Her doctor began talking with her about gastric electrical stimulation in spring 2009. For the next 6 months she was prescribed medication that provided some symptom relief, but was not successful in alleviating her major symptoms and severe pain. She was implanted with the Enterra Therapy system shortly before Christmas, “which was the best present ever,” she says.
She spent one night in the hospital, and experienced the usual pain that accompanies surgery. Her torso muscles, in particular, were a significant source of discomfort, especially near the implant incision site. Pain medications didn’t help at first, but prayer, she said, helped her find peace.
Two days after surgery, Arlene’s appetite returned with a vengeance. She craved a steak, a baked potato, salad, tea, and peach cobbler. However, she had to ease back into eating certain foods again.
Thankful of her new lease on life, Arlene hand delivered thank-you letters to everyone she could think of who was involved with treating her condition.
While the effectiveness of gastric electrical stimulation has not been clinically proven and results differ for each patient, Arlene’s gastroparesis symptoms have been alleviated since she began receiving Enterra Therapy. Her occasional nausea is relieved when her doctor adjusts the programming for her Enterra neurostimulator.
Before gastric electrical stimulation, Arlene was afraid to yawn or burp because she would have abdominal pain – now she can do both.
In addition to regaining her energy and enthusiasm, Arlene has gained back weight – mostly muscle as a result of rigorous exercise.
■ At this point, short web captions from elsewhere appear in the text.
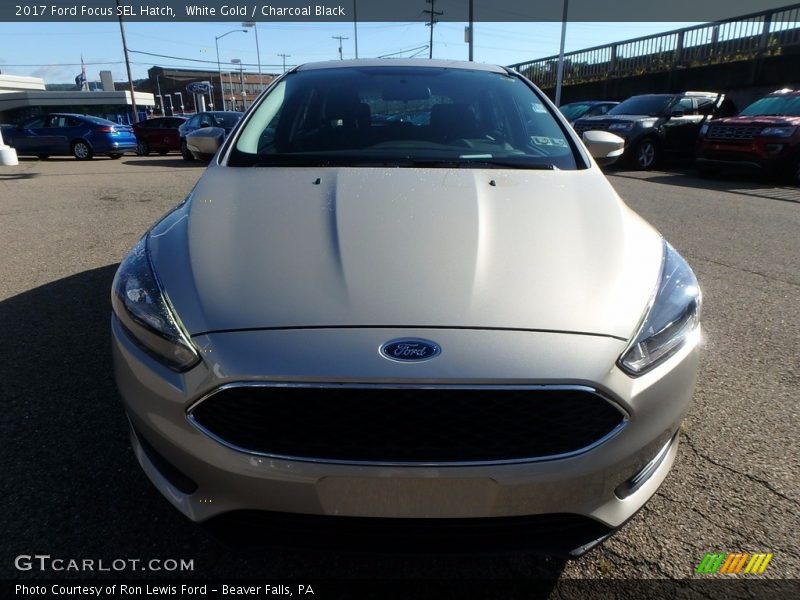 White Gold / Charcoal Black 2017 Ford Focus SEL Hatch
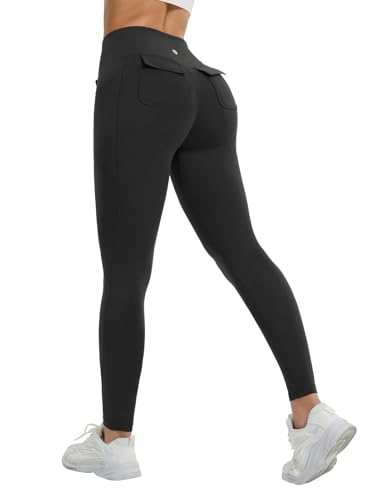 baleaf Womens Cargo Leggings with Pockets Drawstring Tummy Control Scrunch Butt 7/8 Ankle Petite Yoga Pants Running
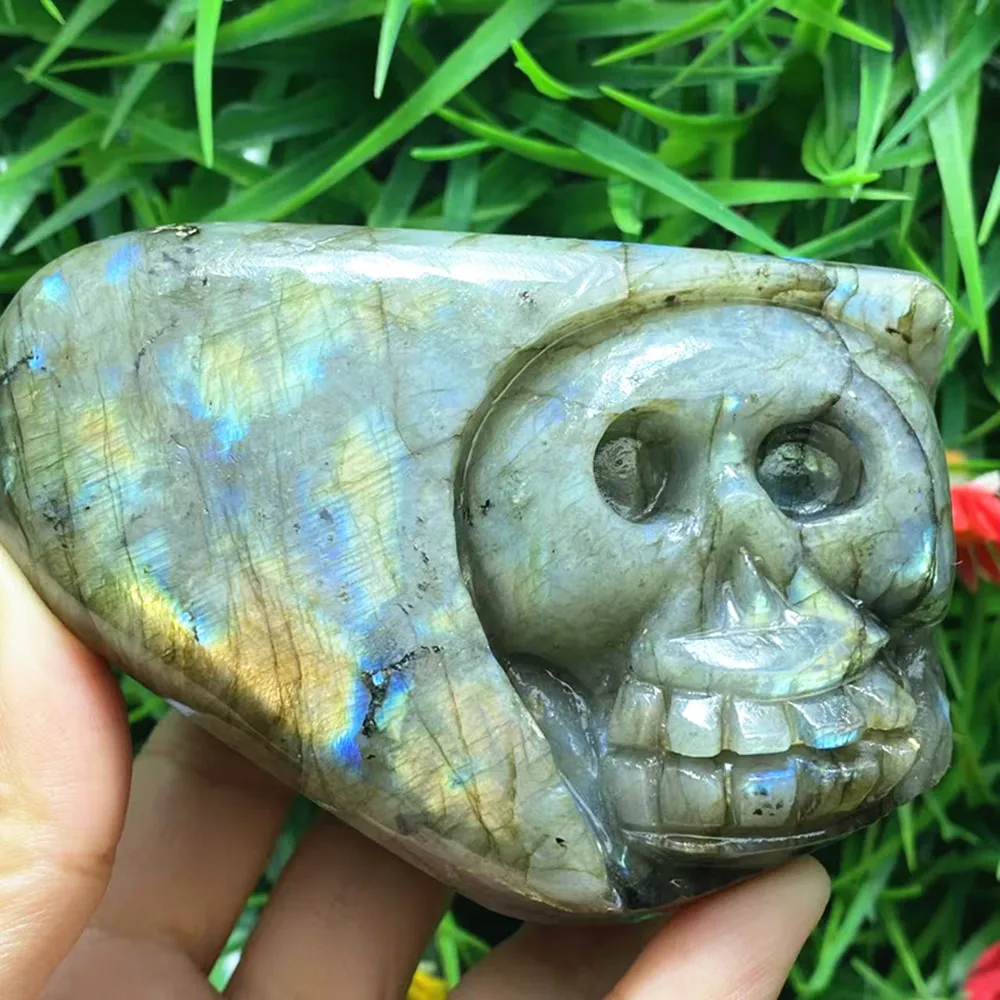 Natural quartz crystal hand-carved agate elongated stone bone chakra home decor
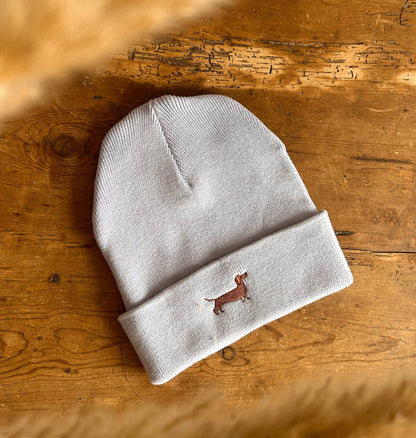 Beanie Mütze mit Dackel - Stick - tierly - Shirt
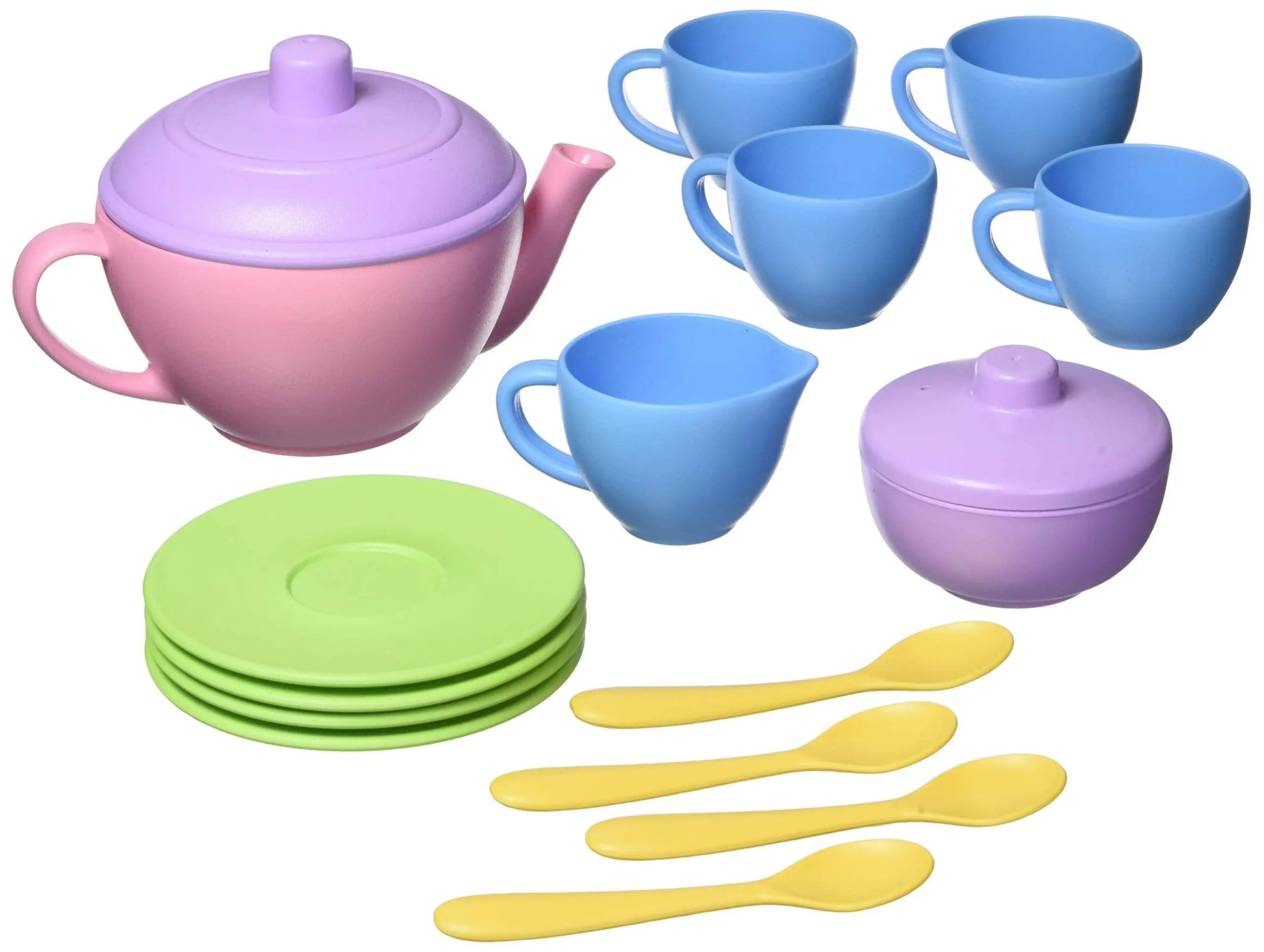 Green Toys Tea Set, Pink 4C - 17 Piece Pretend Play, Motor Skills, Language & Communication Kids Role Play Toy. No BPA, phthalates, PVC. Dishwasher Safe, Recycled Plastic, Made in USA. Green Toys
She appears healthy again. “I don’t look like I was ever sick.”
Since her recovery, Arlene has spent much of her time connecting with others living with gastroparesis. She shares with them many of her homemade recipes and meal plans, all of which emphasize small portions, flavor, and balanced nutrition.
Actively looking for work since being laid off before her illness, Arlene hopes to get involved with gastroparesis awareness and communications. With the help of a ghostwriter, she is writing a book about her experience. “It’s a chance to spread the word, and to say I have a new gift of life.”
Arlene didn’t experience any complications with her surgery. However, some people do experience surgical complications or side effects of the therapy.
Surgical complications are possible and may include infection, bleeding, bruising, and pain at the implant site. Once implanted, the system may become infected, devices may move or wear through the skin, the lead may perforate the stomach, the lead may entangle with or obstruct the bowel, irritation/inflammation over implant site may occur. The therapy system could stop suddenly because of mechanical or electrical problems. Any of these situations may require additional surgery or cause your symptoms to return and some can be life-threatening.
For a list of adverse events that have been associated with the therapy, please refer to Important Safety Information.
*Humanitarian Device: The Enterra Therapy system for gastric electrical stimulation is authorized by Federal law for use in treatment of chronic intractable (drug refractory) nausea and vomiting secondary to gastroparesis of diabetic or idiopathic etiology. The effectiveness of this device for this use has not been demonstrated. What does this mean?
This story reflects one person's experience. Not every person will receive the same results. Talk to your doctor about your treatment options.